The velocity of the baseball,${}^{\mathrm{v}=85\mathrm{mi}/\mathrm{h}}$

The straight path covered by the baseball,${}^{∆\mathrm{x}=60\mathrm{ft}}$

The angular velocity of the baseball,${}^{\mathrm{\omega }=1800\mathrm{rev}/\min }$

Angular velocity represents the rate at which an object rotates about an axis. Angular velocity is a vector quantity, with direction given by right hand rule.

The expression for linear velocity is given as:

$v=\frac{∆x}{∆t}$ … (i)

Here,${}^{∆x}$is the linear displacement and${}^{∆t}$is the time interval.

The expression for angular velocity is given as:

localid="1654330564056" $\omega =\frac{∆\theta }{∆t}$ … (ii)

Here,${}^{∆\theta }$is the angular displacement.

Convert the velocity from mi/h to ft/min.

$$\begin{gathered} \mathrm{v}=85\mathrm{mi}/\mathrm{h}\left(\frac{5280\mathrm{ft}}{1{\mathrm{m}}_{\mathrm{i}}}\right)\left(\frac{1\mathrm{h}}{60\min }\right) \\ =7480\mathrm{ft}/\min \end{gathered}$$

Using equation (i), the time interval is calculated as:

$$\begin{gathered} ∆\mathrm{t}=\frac{∆\mathrm{x}}{\mathrm{v}} \\ =\frac{60\mathrm{ft}}{7480\mathrm{ft}/\min } \\ =0.008\min \end{gathered}$$

Thus, the time taken to reach home plate is$0.008\min$.

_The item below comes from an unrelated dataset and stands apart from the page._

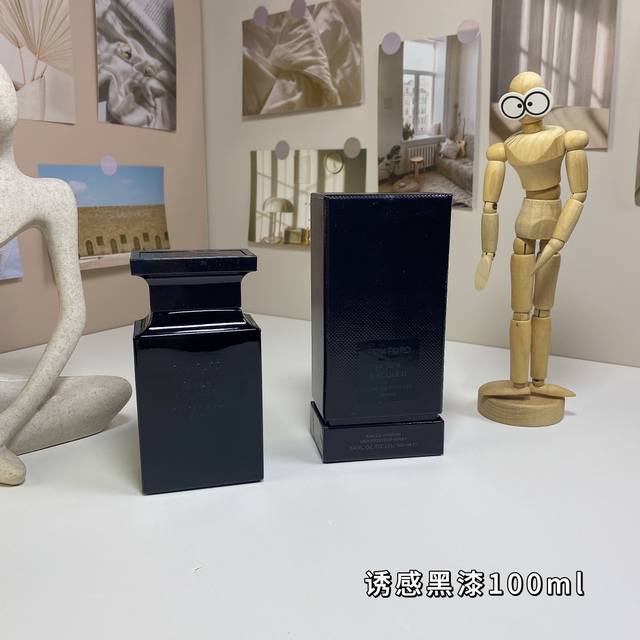 汤姆 福特诱感黑漆100Ml Tom Ford Black Lacquer, 2024 品牌：汤姆 福特 属性：中性香 香调：木质调 前调：乙烯基墨水 中调：黑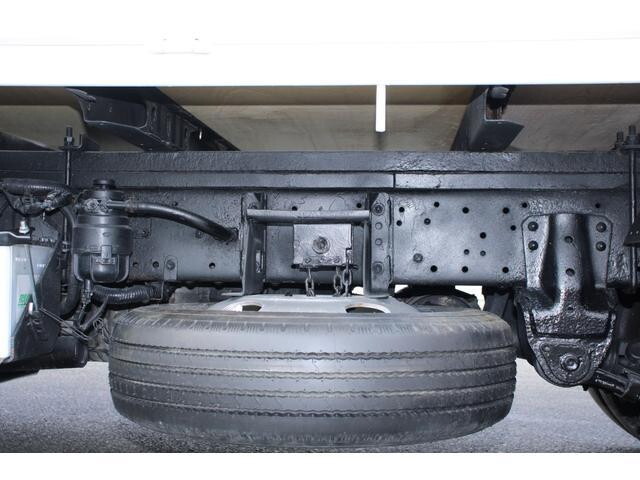 日野デュトロ平ボディ小型（2t・3t）[写真20]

Using equation (ii), the number of revolutions can be calculated as:

$$\begin{gathered} ∆\mathrm{\theta }=\mathrm{\omega }\times ∆\mathrm{t} \\ =1800\mathrm{rev}/\min \times 0.008\min \\ =14.4\mathrm{rev} \\ \approx 14\mathrm{rev} \end{gathered}$$

Thus, the baseball makes 14 revolutions on its way to home plate.